Praga em forma de réptil invade o litoral e velocidade de reprodução tira o sono da população

Com coloração verde vibrante e comportamento bastante ativo, o lagarto pode atingir até 15 centímetros de comprimento

A espécie está dominando o litoral de São Paulo e diversos casos já foram registrados

A espécie está dominando o litoral de São Paulo e diversos casos já foram registrados

Um casal de lagartos cubanos (Anolis porcatus) foi registrado acasalando em uma residência na cidade de Santos. O animal é visto como uma espécie invasora no território brasileiro e apresenta reprodução bastante rápida.

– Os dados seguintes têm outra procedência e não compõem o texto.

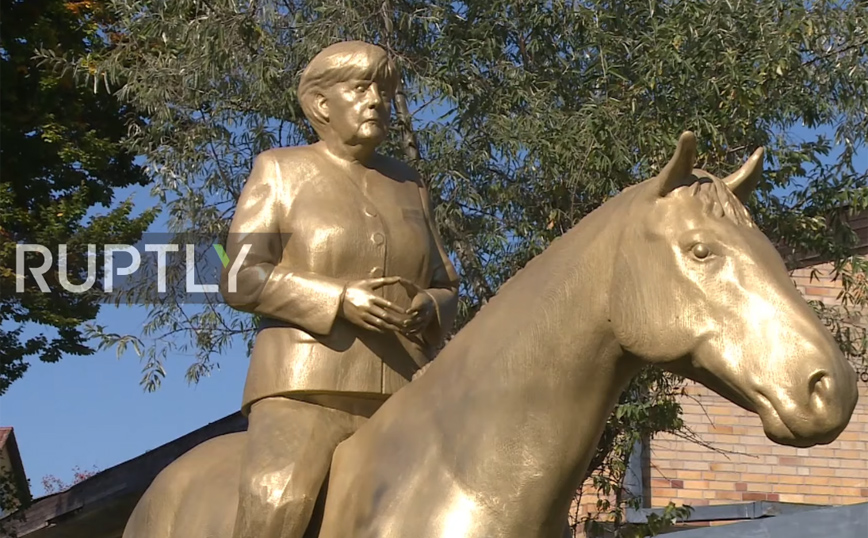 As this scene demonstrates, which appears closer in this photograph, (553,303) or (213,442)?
(553,303)

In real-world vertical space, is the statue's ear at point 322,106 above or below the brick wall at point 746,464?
above

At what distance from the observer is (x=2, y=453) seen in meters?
28.5

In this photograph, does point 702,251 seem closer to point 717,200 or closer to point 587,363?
point 717,200

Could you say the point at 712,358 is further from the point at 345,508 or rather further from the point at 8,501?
the point at 8,501

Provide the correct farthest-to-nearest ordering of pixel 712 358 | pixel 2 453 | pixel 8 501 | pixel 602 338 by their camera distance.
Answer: pixel 2 453 < pixel 8 501 < pixel 602 338 < pixel 712 358

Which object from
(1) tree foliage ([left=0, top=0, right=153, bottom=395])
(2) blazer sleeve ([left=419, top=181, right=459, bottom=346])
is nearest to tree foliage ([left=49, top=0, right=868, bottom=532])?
(1) tree foliage ([left=0, top=0, right=153, bottom=395])

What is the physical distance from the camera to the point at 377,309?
384 cm

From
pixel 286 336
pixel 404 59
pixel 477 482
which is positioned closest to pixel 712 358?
pixel 477 482

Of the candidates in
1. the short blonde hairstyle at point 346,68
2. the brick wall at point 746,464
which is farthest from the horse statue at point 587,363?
the brick wall at point 746,464

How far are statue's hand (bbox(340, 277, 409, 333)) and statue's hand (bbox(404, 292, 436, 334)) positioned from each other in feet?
0.10

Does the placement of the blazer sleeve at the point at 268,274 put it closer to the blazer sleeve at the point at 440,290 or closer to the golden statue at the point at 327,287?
the golden statue at the point at 327,287

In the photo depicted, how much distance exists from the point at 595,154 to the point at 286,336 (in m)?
5.78

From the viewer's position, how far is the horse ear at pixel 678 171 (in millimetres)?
3309

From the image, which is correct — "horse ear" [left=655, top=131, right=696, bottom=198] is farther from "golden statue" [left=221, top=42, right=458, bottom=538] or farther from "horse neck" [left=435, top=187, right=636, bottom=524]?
"golden statue" [left=221, top=42, right=458, bottom=538] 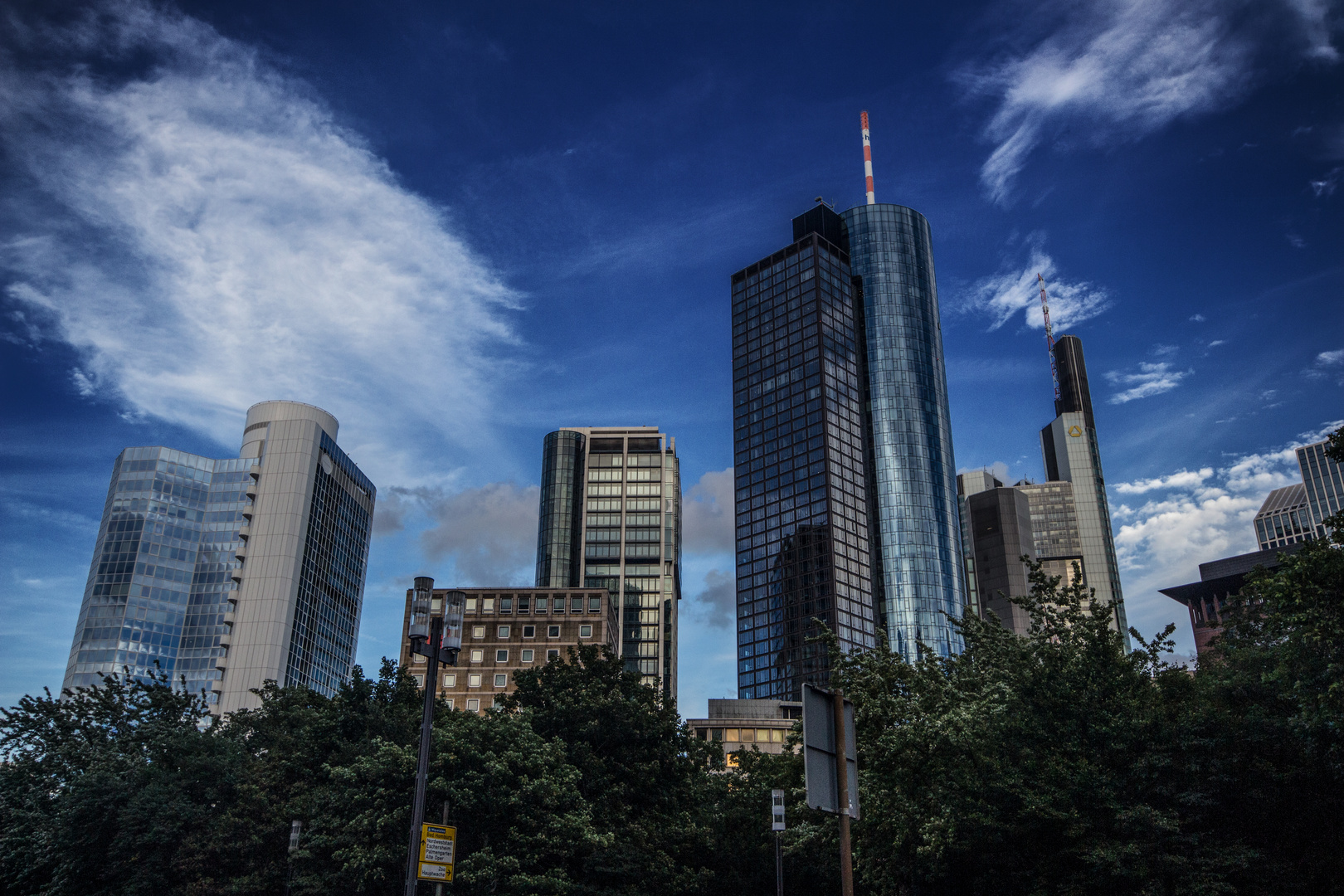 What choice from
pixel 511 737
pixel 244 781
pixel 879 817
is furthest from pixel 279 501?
pixel 879 817

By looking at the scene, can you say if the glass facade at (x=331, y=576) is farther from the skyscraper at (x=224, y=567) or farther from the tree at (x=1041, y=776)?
the tree at (x=1041, y=776)

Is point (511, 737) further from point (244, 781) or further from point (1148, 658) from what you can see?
point (1148, 658)

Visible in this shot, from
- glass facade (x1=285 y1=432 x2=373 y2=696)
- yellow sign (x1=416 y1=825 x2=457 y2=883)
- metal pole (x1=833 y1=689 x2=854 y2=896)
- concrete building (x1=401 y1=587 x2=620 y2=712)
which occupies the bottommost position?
yellow sign (x1=416 y1=825 x2=457 y2=883)

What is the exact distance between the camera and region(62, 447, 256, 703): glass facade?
465 feet

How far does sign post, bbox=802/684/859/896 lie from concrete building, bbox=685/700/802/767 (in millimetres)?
151314

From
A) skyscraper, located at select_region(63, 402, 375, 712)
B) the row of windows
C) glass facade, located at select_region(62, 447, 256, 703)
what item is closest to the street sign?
the row of windows

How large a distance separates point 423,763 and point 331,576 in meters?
155

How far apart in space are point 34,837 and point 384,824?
2500cm

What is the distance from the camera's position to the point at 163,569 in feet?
482

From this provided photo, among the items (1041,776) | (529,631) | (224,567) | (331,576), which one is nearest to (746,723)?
(529,631)

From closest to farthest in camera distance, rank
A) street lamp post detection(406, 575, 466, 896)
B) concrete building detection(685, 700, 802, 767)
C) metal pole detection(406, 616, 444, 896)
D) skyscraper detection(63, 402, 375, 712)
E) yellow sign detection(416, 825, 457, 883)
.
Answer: street lamp post detection(406, 575, 466, 896) → metal pole detection(406, 616, 444, 896) → yellow sign detection(416, 825, 457, 883) → skyscraper detection(63, 402, 375, 712) → concrete building detection(685, 700, 802, 767)

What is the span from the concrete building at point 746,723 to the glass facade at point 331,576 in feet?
211

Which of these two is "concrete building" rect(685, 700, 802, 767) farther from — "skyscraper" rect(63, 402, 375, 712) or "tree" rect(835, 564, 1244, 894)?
"tree" rect(835, 564, 1244, 894)

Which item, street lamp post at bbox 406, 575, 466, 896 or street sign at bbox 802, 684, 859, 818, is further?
street lamp post at bbox 406, 575, 466, 896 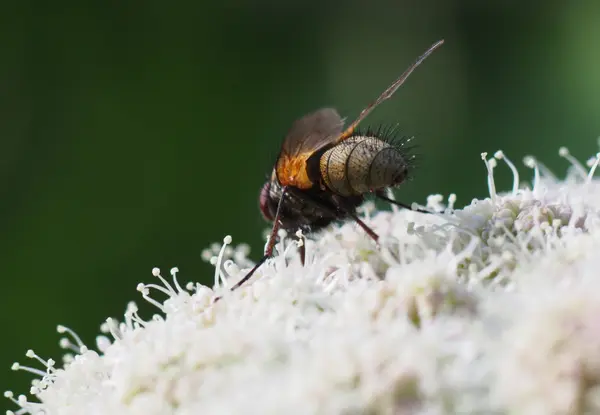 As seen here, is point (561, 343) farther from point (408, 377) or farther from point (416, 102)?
point (416, 102)

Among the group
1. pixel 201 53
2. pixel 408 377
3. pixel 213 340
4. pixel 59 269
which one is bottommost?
pixel 408 377

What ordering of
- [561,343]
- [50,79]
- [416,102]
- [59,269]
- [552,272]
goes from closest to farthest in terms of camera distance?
1. [561,343]
2. [552,272]
3. [59,269]
4. [50,79]
5. [416,102]

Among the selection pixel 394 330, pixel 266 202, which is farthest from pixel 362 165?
pixel 394 330

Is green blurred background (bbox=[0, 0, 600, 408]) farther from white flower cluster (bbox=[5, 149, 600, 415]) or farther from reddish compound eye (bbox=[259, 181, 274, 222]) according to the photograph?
white flower cluster (bbox=[5, 149, 600, 415])

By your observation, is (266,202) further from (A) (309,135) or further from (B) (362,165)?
(B) (362,165)

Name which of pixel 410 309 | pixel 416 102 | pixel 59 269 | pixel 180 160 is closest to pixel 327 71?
pixel 416 102

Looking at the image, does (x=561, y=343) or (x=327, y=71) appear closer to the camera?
(x=561, y=343) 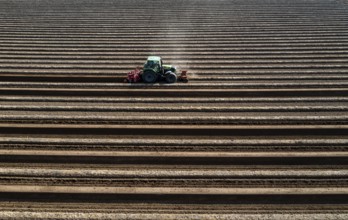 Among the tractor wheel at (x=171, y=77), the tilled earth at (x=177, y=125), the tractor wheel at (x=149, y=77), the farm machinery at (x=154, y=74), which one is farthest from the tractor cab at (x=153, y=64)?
the tilled earth at (x=177, y=125)

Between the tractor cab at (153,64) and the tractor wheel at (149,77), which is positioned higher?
the tractor cab at (153,64)

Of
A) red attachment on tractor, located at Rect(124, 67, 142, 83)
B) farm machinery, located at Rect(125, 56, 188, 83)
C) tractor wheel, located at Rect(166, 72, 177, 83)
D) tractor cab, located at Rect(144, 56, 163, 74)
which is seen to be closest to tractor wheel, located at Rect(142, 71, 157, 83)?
farm machinery, located at Rect(125, 56, 188, 83)

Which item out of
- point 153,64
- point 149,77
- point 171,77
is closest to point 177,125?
point 171,77

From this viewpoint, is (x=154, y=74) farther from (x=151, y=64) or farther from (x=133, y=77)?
(x=133, y=77)

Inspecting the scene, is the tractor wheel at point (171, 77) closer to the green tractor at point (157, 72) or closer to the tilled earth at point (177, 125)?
the green tractor at point (157, 72)

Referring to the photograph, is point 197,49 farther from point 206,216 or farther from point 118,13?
point 206,216

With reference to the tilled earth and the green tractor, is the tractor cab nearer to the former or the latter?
the green tractor

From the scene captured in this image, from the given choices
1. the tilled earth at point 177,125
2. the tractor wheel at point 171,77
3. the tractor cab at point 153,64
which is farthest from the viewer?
the tractor wheel at point 171,77
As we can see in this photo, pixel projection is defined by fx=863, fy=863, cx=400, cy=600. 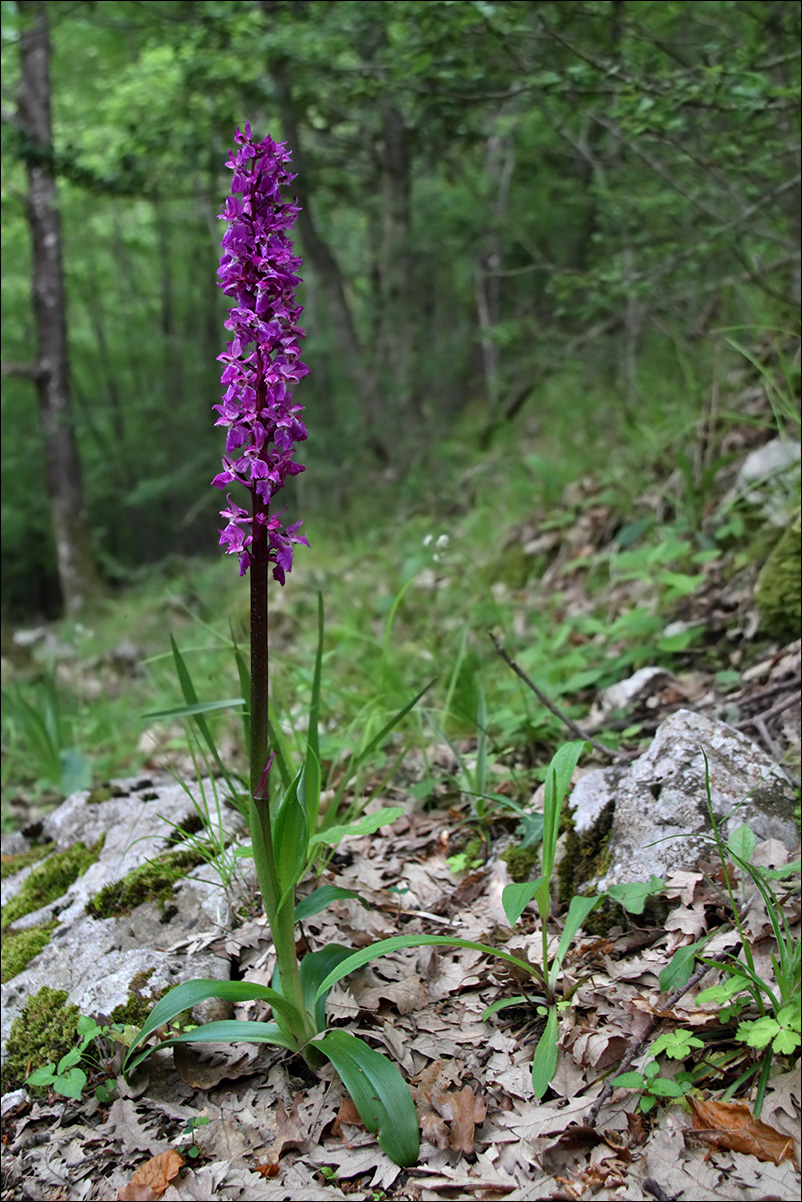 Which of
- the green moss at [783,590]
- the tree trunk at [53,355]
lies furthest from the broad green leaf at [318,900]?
the tree trunk at [53,355]

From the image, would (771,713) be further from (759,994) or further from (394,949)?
(394,949)

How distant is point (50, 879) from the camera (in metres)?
2.76

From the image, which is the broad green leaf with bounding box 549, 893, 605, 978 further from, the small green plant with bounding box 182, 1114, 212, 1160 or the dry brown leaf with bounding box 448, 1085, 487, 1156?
the small green plant with bounding box 182, 1114, 212, 1160

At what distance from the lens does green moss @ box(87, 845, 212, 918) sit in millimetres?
2465

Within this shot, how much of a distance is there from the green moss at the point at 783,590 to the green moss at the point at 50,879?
2471mm

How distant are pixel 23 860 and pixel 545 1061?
6.85 ft

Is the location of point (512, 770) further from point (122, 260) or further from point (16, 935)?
point (122, 260)

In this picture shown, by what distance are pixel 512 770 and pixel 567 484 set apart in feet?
10.5

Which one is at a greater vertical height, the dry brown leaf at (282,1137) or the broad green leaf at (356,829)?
the broad green leaf at (356,829)

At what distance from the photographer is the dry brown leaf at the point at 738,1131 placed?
1.44m

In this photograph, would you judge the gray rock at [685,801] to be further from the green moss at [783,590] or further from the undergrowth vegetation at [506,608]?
the green moss at [783,590]

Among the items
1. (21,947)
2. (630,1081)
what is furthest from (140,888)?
(630,1081)

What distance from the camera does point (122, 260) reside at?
16.7 m

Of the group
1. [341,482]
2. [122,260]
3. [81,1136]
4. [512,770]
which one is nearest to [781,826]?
[512,770] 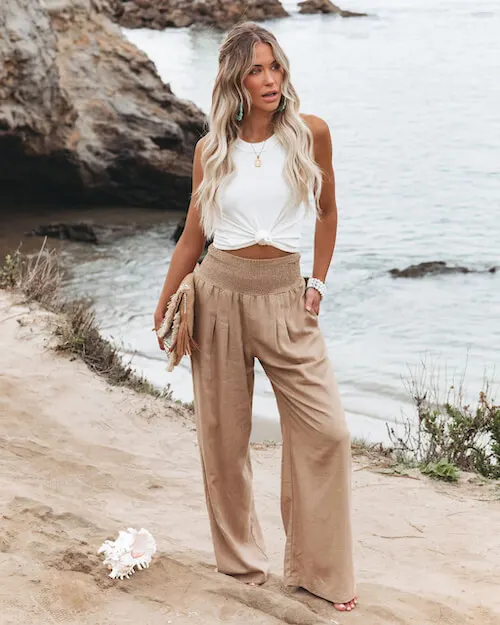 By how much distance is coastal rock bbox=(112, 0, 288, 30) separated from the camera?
50500 millimetres

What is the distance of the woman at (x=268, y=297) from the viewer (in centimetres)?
370

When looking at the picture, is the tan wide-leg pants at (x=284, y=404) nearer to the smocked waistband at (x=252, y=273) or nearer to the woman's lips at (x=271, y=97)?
the smocked waistband at (x=252, y=273)

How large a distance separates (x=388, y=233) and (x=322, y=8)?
44722mm

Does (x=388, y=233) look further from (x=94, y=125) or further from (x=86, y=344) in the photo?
(x=86, y=344)

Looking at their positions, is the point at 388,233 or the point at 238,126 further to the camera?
the point at 388,233

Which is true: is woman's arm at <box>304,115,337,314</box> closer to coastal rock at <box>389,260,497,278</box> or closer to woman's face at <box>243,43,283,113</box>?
woman's face at <box>243,43,283,113</box>

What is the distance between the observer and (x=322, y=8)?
5888 centimetres

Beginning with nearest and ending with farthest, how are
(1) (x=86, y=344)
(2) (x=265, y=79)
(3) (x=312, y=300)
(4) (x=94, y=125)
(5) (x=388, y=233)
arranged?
(2) (x=265, y=79)
(3) (x=312, y=300)
(1) (x=86, y=344)
(4) (x=94, y=125)
(5) (x=388, y=233)

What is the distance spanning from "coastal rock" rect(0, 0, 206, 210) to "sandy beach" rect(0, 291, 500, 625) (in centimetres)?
693

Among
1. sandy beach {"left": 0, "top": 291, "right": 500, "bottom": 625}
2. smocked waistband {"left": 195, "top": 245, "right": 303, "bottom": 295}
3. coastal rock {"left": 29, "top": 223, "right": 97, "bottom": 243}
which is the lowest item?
coastal rock {"left": 29, "top": 223, "right": 97, "bottom": 243}

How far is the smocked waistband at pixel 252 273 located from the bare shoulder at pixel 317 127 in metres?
0.45

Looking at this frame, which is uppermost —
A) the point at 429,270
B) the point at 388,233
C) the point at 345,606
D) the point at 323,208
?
the point at 323,208

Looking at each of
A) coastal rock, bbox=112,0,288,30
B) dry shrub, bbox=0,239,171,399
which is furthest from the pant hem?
coastal rock, bbox=112,0,288,30

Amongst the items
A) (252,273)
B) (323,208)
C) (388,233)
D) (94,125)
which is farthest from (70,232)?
(252,273) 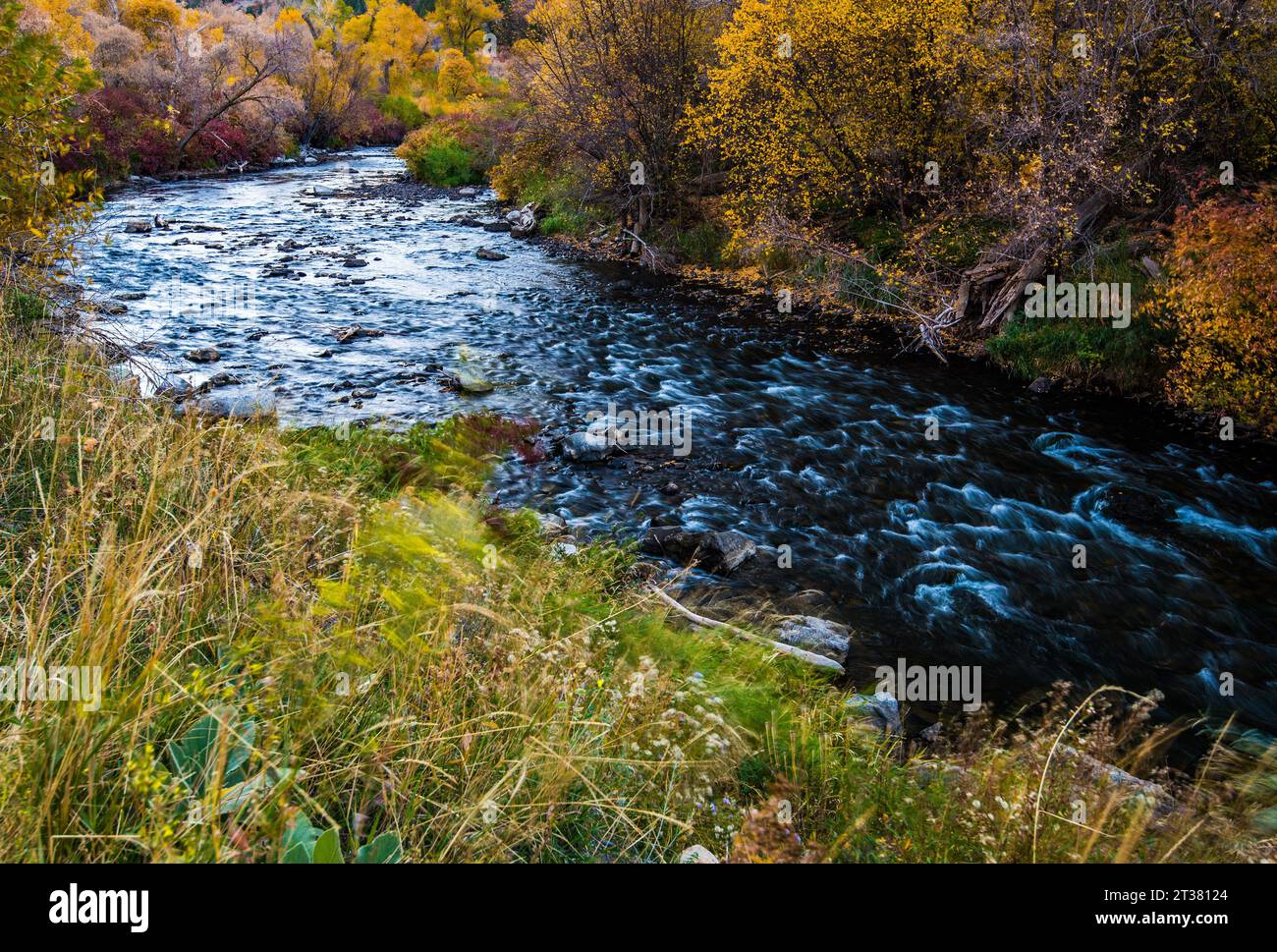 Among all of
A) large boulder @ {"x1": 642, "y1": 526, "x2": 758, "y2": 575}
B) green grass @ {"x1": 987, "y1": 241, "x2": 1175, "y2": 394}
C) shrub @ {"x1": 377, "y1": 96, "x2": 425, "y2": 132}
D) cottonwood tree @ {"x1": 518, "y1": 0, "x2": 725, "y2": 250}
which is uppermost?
shrub @ {"x1": 377, "y1": 96, "x2": 425, "y2": 132}

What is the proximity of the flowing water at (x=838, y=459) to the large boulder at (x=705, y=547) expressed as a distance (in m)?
0.36

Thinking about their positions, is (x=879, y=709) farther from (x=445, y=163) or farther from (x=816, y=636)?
(x=445, y=163)

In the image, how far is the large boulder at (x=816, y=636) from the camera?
6.73m

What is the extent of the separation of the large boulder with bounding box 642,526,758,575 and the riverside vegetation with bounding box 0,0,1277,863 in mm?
1604

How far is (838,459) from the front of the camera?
11.1m

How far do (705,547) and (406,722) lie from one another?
18.0ft

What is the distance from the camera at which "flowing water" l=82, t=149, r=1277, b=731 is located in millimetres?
7574

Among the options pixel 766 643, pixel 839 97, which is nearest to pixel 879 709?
pixel 766 643

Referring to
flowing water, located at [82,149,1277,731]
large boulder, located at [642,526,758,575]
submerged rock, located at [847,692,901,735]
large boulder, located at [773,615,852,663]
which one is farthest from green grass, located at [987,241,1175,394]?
submerged rock, located at [847,692,901,735]

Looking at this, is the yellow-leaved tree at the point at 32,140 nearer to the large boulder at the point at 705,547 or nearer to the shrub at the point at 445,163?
the large boulder at the point at 705,547

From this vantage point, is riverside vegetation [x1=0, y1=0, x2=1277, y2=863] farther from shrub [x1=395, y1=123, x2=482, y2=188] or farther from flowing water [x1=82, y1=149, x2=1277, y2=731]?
shrub [x1=395, y1=123, x2=482, y2=188]

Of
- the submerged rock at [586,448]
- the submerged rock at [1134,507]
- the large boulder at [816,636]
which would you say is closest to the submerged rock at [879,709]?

O morador da casa explicou que possui 40 vasos de plantas frutíferas em seu quintal, no bairro Vila Belmiro.

Além disso, o santista contou que sempre conviveu com a presença de pássaros e macacos. No entanto, desde a pandemia da Covid-19, os lagartos têm tomado conta da área.

No início, apenas um exemplar da espécie apareceu no terreno. Atraídos pelas moscas que circulavam pelas frutas, os lagartos passaram a surgir aos montes.

.Em busca de moscas atraídas pelas frutas, os lagartos começaram a aparecer em grande quantidade.

Pesquisadores acreditam que ela tenha chegado ao Brasil através de navios de carga no Porto de Santos. Desde então, o réptil vem ampliando sua presença em diversas cidades da Baixada Santista.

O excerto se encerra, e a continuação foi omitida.